Anna, qui préfère rester anonyme, est oblate de Saint-Jean et fait partie de cette association. Interrogée il y a quelques mois, elle expliquait que selon, elle, Marie-Dominique Philippe était victime de «diffamation scandaleuse». Quand on évoquait les accusations formulées à l’encontre de sœur Marthe et mère Alix, elle répondait : «Ce n’est pas l’expérience que j’en ai.
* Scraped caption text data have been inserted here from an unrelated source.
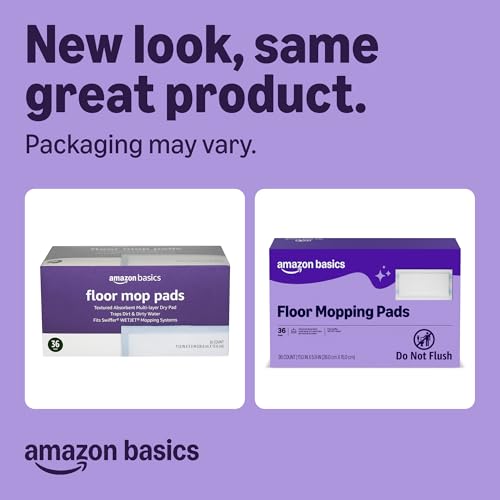 Super Absorbent Floor Mopping Dry Pads - 11 x 5.9 Inch Refills (36 Count)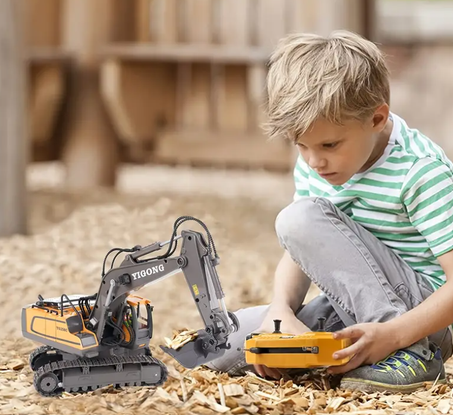 لعبة حفارة تعمل بالتحكم عن بعد مع هيكل معدني من 11 قناة، بتردد 2.4GHz، قابلة للشحن عبر USB ببطارية ليثيوم 18650، مقاومة للعوامل الجوية، جهد التشغيل ≤36V، مناسبة للأطفال من 14 سنة فما فوق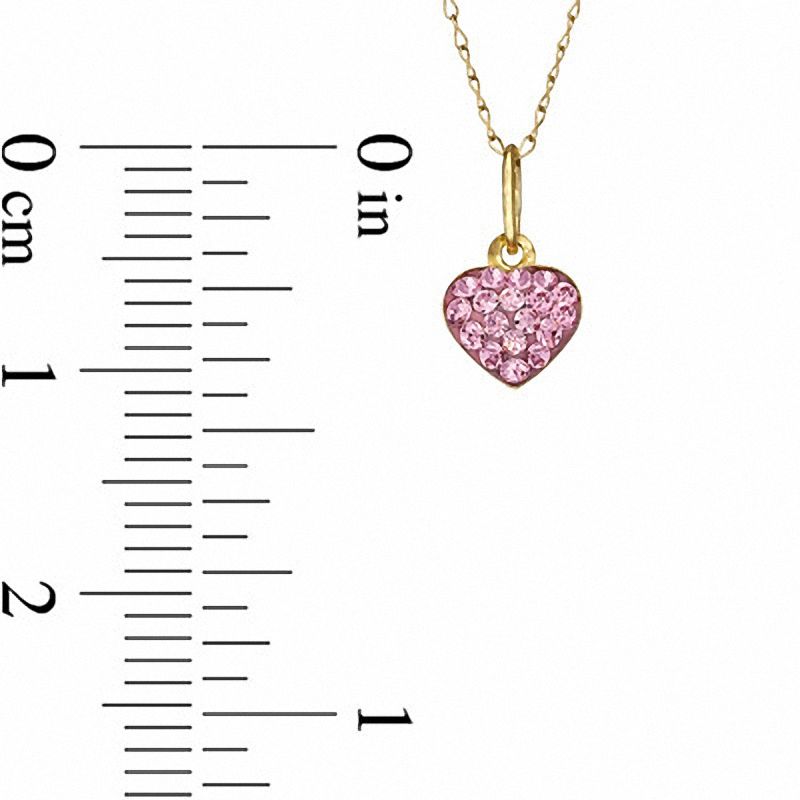 Child's Pink Crystal Heart Pendant in 14K Gold - 13"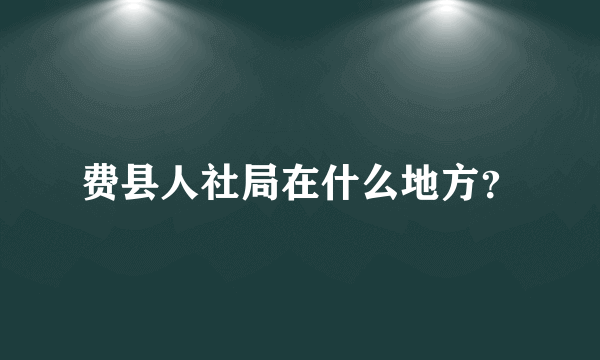 费县人社局在什么地方？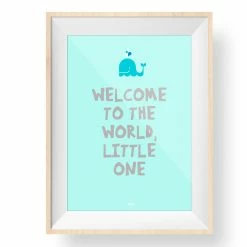 My Name is Mir Welcome To The World (Blue) Wall Print A4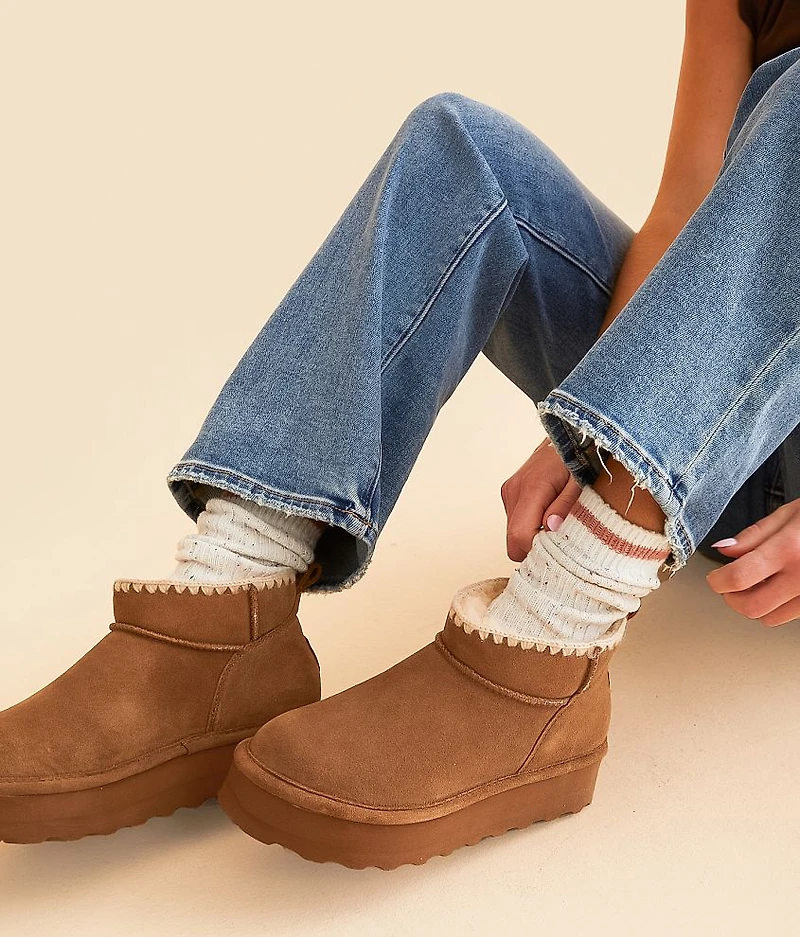 Retro Shorty Platform Leather Ankle Boot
Soeur Marthe est très libre et c’est ce qui fait peur.» Anna décrivait la situation de la façon suivante : «Les sœurs contemplatives de Saint Jean sont en deux branches : celles qui obéissent à Mgr Brincard et les autres, qui reconnaissent Soeur Alix comme leur fondatrice.»

Autant dire que la décision du Saint-Siège d’exclure de la vie religieuse les sœurs qui avaient été éloignées des charges du gouvernement risque de provoquer un certain nombre de remous, même si la possibilité laissée aux sœurs qui le souhaitent de fonder un nouvel institut sera sans doute accueillie comme un soulagement.